**Task brief:**
Return all of the entries exactly, but do not include the pictures.

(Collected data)
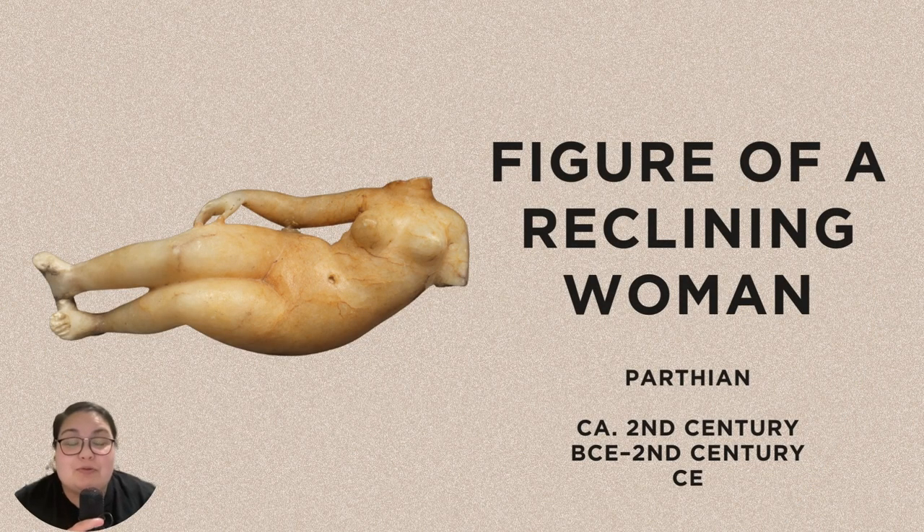This sculpture of a reclining woman is remarkable, especially given that it's only about three inches long. It dates from the 2nd century BCE to the 2nd century CE and was made by an artist from the Parthian Empire. At its greatest extent, this empire covered a large percentage of the area now known as the Middle East. This work is made of alabaster, which has a soft golden glow in certain light. Although her head and left arm are missing, there are still several details that we can make out.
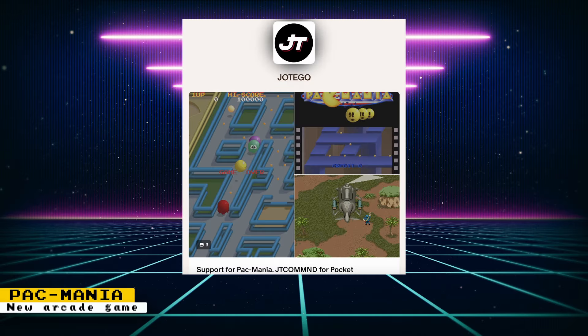Last week we got support for the arcade game Galaga '88 for the JT House core, which runs Namco System 1 games. This week another System 1 arcade game was added — now there is support for Pac-Mania, a 3D variation of the classic arcade game Pac-Man. This plays just like the original game but with the added ability of jumping. This core is currently in beta.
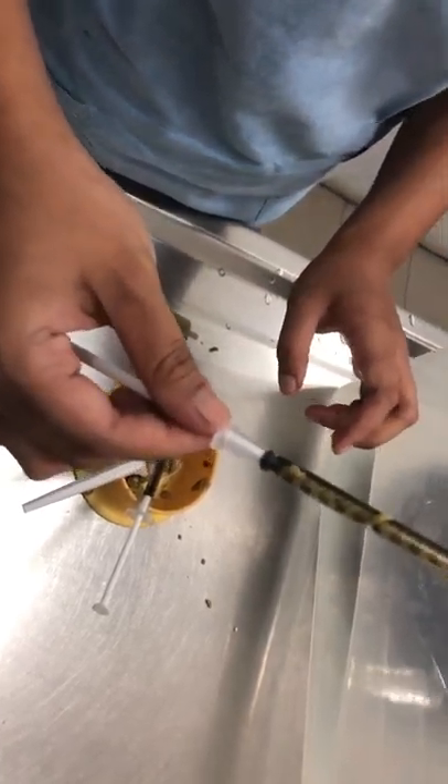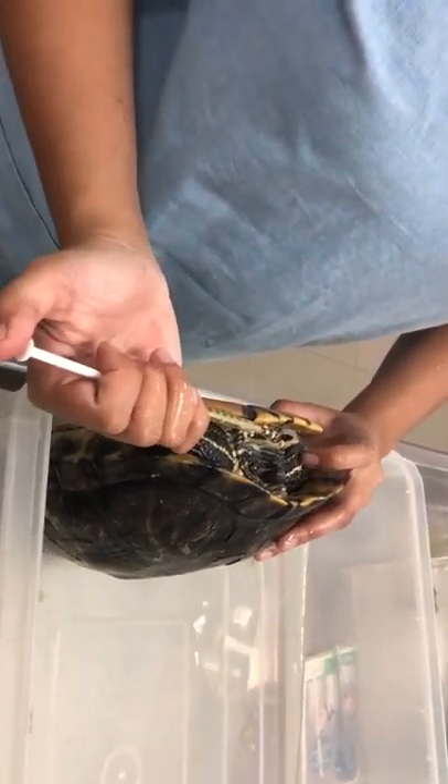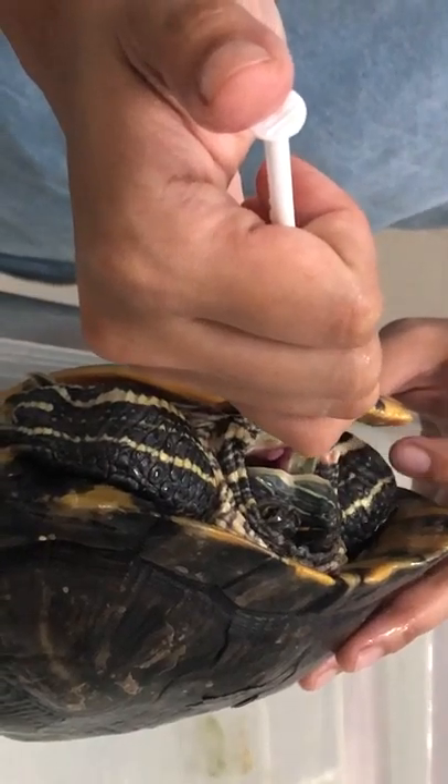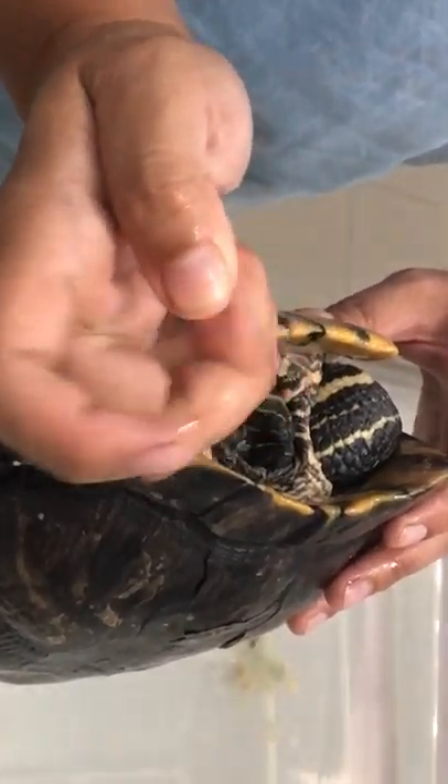Now this is ready for the feeding. You need to hold the terrapin like this. After that, you can take care of the size of the hand or size of the mouth so that he can open the mouth. At that time, you need to push the syringe into the mouth and then shoot slowly.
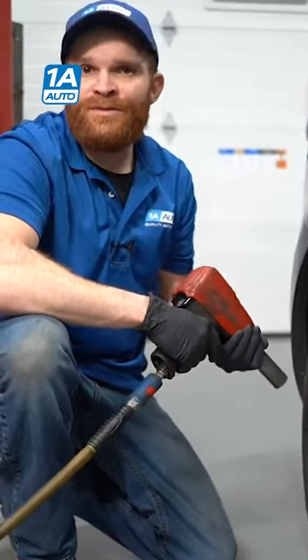Now, if you over torque your lug nuts, you're going to be putting more than the required amount of pressure on your mounting points, such as your lug nuts, studs, wheels, hubs, or even brakes.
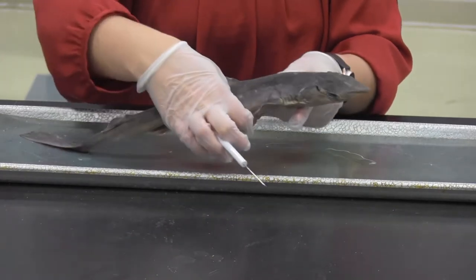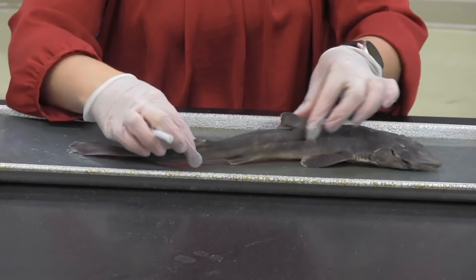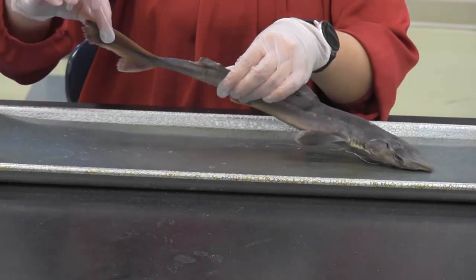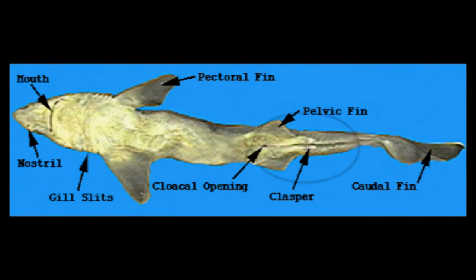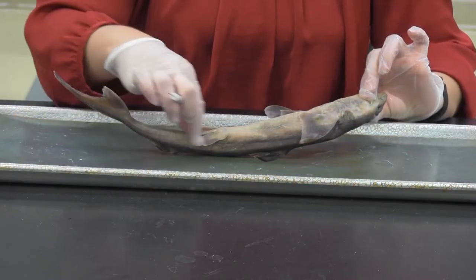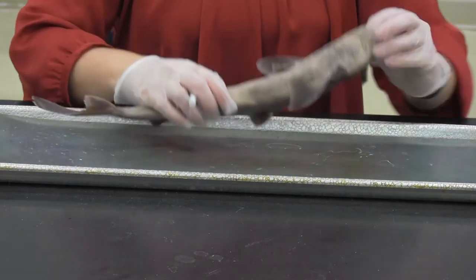And then obviously all of our fins. We've got the paired pectoral fins up here, the two dorsal fins — anterior and posterior — and we have the caudal fin. Underneath we have the pelvic fin, which opens up into the cloaca. This is actually a female. If it were a male, there would be two appendages extending from this fin called claspers. This one doesn't have them, so it is a female.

**Solution to this task:**
This sculpture of a reclining woman is remarkable, especially given that it's only about three inches long. It dates from the 2nd century BCE to the 2nd century CE and was made by an artist from the Parthian Empire. At its greatest extent, this empire covered a large percentage of the area now known as the Middle East. This work is made of alabaster, which has a soft golden glow in certain light. Although her head and left arm are missing, there are still several details that we can make out.
Last week we got support for the arcade game Galaga '88 for the JT House core, which runs Namco System 1 games. This week another System 1 arcade game was added — now there is support for Pac-Mania, a 3D variation of the classic arcade game Pac-Man. This plays just like the original game but with the added ability of jumping. This core is currently in beta.
Now this is ready for the feeding. You need to hold the terrapin like this. After that, you can take care of the size of the hand or size of the mouth so that he can open the mouth. At that time, you need to push the syringe into the mouth and then shoot slowly.
Now, if you over torque your lug nuts, you're going to be putting more than the required amount of pressure on your mounting points, such as your lug nuts, studs, wheels, hubs, or even brakes.
And then obviously all of our fins. We've got the paired pectoral fins up here, the two dorsal fins — anterior and posterior — and we have the caudal fin. Underneath we have the pelvic fin, which opens up into the cloaca. This is actually a female. If it were a male, there would be two appendages extending from this fin called claspers. This one doesn't have them, so it is a female.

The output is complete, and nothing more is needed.